Poster Board Number: 
Poster Session A Board #A5
J Clin Oncol 34, 2016 (suppl 2S; abstr 163)
Howard I. Scher, Ryon Graf, Jessica Louw, Adam Jendrisak, Ann Johnson, Stephanie Greene, Angel Rodriguez, Nicole A. Schreiber, Brigit McLaughlin, Lyndsey Dugan, Martin Fleisher, Jerry Lee, Yipeng Wang, Dena C. Marrinucci, Mark Landers, Ryan Vance Dittamore; Sidney Kimmel Center for Prostate and Urologic Cancers and Memorial Sloan-Kettering Cancer Center, New York, NY; Epic Sciences, Inc., San Diego, CA; Epic Sciences, San Diego, CA; Memorial Sloan Kettering Cancer Center, New York, NY

Abstract Disclosures


Background: AR directed Tx, including Abiraterone (A) and Enzalutamide (E), prolong survival in patients with mCRPC and are FDA approved. After primary Tx with either A or E, the response to E or A is decreased as is the duration of response. NGS tissue sequencing of mCRPC shows a range of disease phenotypes and genotypes which are associated with increased tumor heterogeneity. Single site biopsy, may not represent the diversity of disease. Our objective is to develop biomarkers of heterogeneity from the analysis of single cells from patients with mCRPC. Methods: 221 blood samples from 179 unique patients (pts) were collected from pts about to begin AR Tx (n = 150) or Taxanes (n = 71). Samples were analyzed with the Epic Sciences platform. Analysis included digital pathology of 20 discrete phenotypic cell features inclusive of AR, CK, size and shape measures. 9225 single CTCs were characterized, data standardized, features clustered and categorized into 15 phenotypically distinct CTC subtypes. Individual pt samples were then analyzed for the frequency and heterogeneity (Shannon Index) of CTC subtypes and monitored for clinical endpoints. A subset of CTCs (n = 350) were individually sequenced and analyzed for clonality and CNV to assess genomic heterogeneity. Results: A diversity of CTC phenotypes were observed at each line of therapy.

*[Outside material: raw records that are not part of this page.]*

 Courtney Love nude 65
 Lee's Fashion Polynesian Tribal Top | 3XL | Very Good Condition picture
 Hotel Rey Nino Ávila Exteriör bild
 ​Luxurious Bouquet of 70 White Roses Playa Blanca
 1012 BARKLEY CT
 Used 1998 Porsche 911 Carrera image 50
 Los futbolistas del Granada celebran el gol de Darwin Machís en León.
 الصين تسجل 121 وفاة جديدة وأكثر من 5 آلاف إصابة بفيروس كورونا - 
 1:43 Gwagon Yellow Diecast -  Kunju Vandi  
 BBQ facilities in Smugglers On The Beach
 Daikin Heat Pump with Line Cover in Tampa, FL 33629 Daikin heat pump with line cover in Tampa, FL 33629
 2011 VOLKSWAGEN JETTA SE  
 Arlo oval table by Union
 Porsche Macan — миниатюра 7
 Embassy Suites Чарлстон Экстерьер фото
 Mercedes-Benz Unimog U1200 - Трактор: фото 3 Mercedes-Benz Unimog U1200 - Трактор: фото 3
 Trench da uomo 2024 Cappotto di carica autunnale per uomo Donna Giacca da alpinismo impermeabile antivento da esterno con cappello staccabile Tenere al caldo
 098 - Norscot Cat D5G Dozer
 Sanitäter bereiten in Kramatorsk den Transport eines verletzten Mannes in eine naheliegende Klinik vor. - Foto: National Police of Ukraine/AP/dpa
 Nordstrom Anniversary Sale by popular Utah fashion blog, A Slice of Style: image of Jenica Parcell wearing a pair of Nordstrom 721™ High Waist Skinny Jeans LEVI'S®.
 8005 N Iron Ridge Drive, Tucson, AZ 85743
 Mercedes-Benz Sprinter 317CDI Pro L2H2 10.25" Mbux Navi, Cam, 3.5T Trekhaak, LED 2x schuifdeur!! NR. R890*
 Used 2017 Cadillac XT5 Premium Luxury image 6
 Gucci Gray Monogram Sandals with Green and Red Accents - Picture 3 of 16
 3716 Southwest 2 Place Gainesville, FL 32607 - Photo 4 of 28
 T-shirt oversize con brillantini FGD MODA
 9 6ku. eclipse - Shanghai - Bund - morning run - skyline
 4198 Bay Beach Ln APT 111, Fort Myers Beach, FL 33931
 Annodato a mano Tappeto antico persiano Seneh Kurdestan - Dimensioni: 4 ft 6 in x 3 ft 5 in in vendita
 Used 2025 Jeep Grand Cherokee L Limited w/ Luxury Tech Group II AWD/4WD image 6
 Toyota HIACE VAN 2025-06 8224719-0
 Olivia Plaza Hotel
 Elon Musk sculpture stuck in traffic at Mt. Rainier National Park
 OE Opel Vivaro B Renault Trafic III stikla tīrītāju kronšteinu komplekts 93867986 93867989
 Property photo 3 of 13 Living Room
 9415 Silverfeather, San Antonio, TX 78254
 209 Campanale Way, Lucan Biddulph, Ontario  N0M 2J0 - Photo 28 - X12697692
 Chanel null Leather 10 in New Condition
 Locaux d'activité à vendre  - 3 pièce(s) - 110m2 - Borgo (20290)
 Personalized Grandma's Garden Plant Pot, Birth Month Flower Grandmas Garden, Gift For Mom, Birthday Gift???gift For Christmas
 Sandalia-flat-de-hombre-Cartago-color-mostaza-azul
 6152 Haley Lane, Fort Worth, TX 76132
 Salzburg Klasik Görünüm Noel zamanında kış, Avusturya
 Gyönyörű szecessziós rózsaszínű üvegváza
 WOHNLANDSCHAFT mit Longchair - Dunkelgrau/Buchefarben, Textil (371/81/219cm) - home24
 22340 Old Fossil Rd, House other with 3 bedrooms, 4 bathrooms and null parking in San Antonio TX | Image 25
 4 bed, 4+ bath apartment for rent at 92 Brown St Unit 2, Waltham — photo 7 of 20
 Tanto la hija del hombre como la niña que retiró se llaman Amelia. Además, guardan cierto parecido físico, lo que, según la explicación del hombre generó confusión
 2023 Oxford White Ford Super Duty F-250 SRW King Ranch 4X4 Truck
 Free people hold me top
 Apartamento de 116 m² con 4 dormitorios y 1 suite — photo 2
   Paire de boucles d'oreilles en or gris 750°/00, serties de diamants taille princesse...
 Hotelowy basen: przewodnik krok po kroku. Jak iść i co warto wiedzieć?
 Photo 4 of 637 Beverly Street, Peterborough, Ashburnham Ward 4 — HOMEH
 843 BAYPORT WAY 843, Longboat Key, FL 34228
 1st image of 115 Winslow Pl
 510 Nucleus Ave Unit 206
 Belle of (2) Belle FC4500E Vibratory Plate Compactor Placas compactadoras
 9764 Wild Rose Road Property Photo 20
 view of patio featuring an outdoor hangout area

In AR Tx pts, high heterogeneity predicts 6mo PFS (OR = 2.57, p = 0.01) and shorter OS (HR = 4.5, p < 0.001). Separately, specific CTC phenotypes also predict 6mo PFS (OR = 5, p < 0.001) and shorter OS (HR = 5.8, p < 0.001). Heterogeneity scores were not associated with taxane resistance. NGS analysis identified subclonal drivers of disease progression including multiple private and/or clustered genomic drivers. Conclusions: Single CTC characterization of phenotype and genotype supports the concept of tumor heterogeneity as a driver of disease resistance. The heterogeneity observed supports the potential value of single cell characterization to identify rare somatic sub-clonal alterations and can aid in the development of rational therapeutic trials.